Scott Pegler
- Born: 3 August 1973 (age 53) Exeter, England
- Nationality: British (English)

Career history
- 1989–1995: Exeter Falcons
- 1996: Swindon Robins
- 1997–1999: Newport Wasps
- 1998, 2000–2005: Newport Mavericks
- 2003: Poole Pirates

Individual honours
- 2000: National League Riders' Champion

= Scott Pegler =

English speedway rider (born 1973)

Scott Andrew Pegler (born 3 August 1973) is a former motorcycle speedwayrider

== Career ==
Pegler started racing in the British leagues during the 1989 National League season, when riding for the Exeter Falcons, where he famously coined the term "right there right there". He struggled to establish himself in the team over the following seasons and it was not until the 1994 season that he was a regular in the Exeter team.

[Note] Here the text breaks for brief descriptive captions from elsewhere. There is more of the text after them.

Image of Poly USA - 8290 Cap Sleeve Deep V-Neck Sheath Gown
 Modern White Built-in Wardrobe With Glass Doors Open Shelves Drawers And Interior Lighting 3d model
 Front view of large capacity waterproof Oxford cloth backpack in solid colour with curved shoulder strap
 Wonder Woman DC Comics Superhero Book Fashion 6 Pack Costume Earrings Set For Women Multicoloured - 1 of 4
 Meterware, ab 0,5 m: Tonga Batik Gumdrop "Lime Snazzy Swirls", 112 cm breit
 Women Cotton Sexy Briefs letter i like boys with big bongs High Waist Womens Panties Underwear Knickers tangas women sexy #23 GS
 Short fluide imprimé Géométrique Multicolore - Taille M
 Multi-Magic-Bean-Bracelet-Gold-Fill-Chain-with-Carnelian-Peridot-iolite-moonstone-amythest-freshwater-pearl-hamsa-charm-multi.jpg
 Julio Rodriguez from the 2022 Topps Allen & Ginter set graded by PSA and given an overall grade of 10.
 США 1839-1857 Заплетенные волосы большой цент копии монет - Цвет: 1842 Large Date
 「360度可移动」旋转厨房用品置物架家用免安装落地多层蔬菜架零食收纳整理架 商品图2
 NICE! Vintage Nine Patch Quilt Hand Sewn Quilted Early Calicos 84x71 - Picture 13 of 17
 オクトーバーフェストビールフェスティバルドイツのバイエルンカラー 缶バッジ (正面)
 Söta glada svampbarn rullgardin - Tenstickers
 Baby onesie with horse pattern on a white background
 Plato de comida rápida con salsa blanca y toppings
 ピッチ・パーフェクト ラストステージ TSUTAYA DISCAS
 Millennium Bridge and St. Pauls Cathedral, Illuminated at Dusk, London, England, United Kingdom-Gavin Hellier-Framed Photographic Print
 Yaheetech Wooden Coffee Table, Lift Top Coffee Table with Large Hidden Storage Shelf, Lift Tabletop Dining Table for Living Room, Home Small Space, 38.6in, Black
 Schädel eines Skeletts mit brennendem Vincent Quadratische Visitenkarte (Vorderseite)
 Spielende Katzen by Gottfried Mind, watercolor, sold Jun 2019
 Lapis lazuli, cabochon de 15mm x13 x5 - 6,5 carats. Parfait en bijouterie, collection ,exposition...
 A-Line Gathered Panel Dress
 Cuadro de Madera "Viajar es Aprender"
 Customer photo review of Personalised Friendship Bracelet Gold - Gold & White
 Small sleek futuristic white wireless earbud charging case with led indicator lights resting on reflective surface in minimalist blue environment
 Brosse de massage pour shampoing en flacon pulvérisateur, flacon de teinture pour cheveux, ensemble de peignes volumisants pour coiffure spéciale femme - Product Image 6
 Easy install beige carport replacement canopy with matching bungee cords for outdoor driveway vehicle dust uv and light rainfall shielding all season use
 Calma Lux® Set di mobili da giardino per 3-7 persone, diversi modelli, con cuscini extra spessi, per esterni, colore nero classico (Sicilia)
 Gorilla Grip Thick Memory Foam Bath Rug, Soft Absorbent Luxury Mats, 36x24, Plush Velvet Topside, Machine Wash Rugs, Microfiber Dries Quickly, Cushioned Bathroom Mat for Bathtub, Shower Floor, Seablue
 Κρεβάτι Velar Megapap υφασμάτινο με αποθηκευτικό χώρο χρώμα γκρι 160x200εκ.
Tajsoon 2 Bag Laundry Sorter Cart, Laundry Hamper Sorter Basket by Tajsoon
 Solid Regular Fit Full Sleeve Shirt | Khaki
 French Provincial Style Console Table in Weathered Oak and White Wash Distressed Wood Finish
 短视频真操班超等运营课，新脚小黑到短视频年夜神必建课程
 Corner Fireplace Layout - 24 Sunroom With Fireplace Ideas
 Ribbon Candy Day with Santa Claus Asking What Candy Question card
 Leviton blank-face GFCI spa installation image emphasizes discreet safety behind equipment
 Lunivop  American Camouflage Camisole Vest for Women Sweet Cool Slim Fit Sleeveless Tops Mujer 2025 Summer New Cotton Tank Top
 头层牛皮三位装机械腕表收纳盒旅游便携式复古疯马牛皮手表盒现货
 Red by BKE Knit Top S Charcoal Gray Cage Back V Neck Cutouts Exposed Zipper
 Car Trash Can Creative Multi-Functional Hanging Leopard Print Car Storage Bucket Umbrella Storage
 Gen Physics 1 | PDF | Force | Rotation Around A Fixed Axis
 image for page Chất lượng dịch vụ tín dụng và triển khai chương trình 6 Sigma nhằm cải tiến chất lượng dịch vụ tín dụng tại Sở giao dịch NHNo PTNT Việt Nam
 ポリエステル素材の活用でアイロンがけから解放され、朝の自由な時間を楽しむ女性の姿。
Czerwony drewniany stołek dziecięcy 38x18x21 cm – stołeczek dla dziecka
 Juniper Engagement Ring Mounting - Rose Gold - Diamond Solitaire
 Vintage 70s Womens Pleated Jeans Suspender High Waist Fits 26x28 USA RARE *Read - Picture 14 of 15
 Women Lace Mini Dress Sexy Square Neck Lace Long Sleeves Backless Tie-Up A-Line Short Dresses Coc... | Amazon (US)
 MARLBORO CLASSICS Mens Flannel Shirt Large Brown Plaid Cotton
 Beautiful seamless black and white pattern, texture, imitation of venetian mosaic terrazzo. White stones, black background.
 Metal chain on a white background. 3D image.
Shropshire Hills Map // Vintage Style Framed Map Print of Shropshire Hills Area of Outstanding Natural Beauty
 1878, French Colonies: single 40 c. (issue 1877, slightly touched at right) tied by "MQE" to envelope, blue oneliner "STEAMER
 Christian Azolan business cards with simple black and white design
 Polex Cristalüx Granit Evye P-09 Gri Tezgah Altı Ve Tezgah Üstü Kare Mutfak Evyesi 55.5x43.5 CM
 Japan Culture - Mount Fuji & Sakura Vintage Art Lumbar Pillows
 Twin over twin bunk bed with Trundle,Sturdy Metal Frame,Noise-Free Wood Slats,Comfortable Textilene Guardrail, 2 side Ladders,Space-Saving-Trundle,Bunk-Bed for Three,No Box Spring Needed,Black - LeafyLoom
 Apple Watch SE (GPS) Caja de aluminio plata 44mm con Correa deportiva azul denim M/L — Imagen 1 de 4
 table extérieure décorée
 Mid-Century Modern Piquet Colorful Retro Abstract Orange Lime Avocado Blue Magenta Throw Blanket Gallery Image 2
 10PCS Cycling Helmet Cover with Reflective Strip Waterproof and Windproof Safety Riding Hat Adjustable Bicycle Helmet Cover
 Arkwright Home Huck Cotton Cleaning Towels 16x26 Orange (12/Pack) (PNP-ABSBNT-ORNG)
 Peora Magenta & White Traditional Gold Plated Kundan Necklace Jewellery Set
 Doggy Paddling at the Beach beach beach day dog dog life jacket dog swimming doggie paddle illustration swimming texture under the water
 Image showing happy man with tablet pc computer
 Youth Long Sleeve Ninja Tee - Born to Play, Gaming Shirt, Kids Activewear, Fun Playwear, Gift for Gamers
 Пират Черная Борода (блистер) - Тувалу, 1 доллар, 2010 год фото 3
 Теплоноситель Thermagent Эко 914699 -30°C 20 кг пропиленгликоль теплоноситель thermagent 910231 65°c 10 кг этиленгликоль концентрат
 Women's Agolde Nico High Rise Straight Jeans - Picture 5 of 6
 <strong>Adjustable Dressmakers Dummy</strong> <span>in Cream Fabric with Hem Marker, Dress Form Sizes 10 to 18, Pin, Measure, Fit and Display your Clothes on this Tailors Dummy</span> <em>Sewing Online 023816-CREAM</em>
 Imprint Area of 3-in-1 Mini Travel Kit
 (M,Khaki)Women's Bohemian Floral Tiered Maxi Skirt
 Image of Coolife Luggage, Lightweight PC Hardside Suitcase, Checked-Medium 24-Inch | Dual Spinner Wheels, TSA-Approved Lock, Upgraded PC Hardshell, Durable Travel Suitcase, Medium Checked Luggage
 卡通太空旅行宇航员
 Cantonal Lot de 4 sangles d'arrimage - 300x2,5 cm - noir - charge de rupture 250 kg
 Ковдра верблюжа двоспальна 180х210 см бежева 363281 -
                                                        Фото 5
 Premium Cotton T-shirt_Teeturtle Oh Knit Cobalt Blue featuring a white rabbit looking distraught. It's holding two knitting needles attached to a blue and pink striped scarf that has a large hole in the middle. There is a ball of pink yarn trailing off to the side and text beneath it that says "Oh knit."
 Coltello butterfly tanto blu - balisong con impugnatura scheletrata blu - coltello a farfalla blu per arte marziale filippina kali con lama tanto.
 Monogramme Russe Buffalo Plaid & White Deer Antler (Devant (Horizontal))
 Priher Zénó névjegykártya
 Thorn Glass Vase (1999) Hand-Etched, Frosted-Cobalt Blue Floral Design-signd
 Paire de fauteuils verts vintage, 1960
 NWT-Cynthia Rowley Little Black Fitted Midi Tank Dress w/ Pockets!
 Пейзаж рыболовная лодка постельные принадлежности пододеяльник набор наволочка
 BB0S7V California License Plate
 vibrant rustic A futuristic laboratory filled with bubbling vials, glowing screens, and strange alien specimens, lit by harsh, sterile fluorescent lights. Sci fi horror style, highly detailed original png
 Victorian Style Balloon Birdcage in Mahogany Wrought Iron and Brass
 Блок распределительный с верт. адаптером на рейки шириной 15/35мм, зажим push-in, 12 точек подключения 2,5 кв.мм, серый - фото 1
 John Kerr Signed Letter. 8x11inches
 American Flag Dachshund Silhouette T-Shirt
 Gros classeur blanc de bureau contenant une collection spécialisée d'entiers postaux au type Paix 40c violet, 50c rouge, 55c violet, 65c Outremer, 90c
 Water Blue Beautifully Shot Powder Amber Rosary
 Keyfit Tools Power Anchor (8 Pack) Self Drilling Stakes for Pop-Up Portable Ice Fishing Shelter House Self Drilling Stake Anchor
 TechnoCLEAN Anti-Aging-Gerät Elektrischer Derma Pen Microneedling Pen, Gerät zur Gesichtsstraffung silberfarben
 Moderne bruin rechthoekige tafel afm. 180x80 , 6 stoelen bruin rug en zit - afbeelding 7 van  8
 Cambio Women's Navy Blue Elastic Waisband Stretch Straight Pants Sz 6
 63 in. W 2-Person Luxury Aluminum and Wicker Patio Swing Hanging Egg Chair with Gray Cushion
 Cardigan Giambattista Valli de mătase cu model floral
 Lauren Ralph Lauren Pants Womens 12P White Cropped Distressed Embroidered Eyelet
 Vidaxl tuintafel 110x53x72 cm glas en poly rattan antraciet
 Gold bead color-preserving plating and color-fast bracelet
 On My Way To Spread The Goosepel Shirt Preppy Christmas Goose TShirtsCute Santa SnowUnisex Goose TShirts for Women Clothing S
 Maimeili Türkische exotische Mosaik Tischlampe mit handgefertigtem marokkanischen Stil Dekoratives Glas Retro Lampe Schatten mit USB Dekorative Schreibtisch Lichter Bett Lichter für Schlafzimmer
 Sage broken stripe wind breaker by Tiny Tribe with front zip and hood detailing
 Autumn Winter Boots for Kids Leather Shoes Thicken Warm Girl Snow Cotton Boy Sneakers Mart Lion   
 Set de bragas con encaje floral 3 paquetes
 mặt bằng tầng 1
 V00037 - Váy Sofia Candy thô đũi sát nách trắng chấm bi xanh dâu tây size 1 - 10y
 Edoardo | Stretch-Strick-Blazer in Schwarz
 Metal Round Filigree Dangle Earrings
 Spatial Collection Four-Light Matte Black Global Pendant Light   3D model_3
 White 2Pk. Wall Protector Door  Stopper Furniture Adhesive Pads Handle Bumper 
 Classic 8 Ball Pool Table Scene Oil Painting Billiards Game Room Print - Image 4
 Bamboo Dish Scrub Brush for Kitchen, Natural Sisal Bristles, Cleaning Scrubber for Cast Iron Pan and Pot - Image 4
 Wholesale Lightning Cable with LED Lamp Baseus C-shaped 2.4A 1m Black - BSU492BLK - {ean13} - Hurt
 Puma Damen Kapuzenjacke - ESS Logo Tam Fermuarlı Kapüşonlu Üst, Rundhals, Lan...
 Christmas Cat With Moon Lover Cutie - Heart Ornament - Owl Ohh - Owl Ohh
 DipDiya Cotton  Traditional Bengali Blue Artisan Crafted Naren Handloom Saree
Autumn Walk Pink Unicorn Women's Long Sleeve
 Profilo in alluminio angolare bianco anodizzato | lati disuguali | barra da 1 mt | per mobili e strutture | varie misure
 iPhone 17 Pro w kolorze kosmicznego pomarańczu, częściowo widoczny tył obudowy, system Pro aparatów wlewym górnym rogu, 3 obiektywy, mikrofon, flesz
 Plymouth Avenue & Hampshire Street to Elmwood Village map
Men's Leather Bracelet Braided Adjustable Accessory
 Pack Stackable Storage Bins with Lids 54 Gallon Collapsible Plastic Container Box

Pegler rode in the top tier of British speedway during the 1995 Premier League speedway season, again for Exeter. After spending the following season in 1996 with Swindon Robins he signed for Newport Wasps. It was with the Welsh club that he would experience his best speedway years. Also in 1996 he rode for and topped the team averages for Swindon Sprockets during the 1996 Speedway Conference League. At Newport in 1999, he temporarily captained the Wasps in Frank Smart's absence.

From 2000 to 2005, Pegler rode for the Newport Mavericks and in 2000, Pegler won the Conference League Riders' Championship. The final was held on 9 September at Hayley Stadium. The following season in 2001, he finished runner-up to David Mason in the same Championship.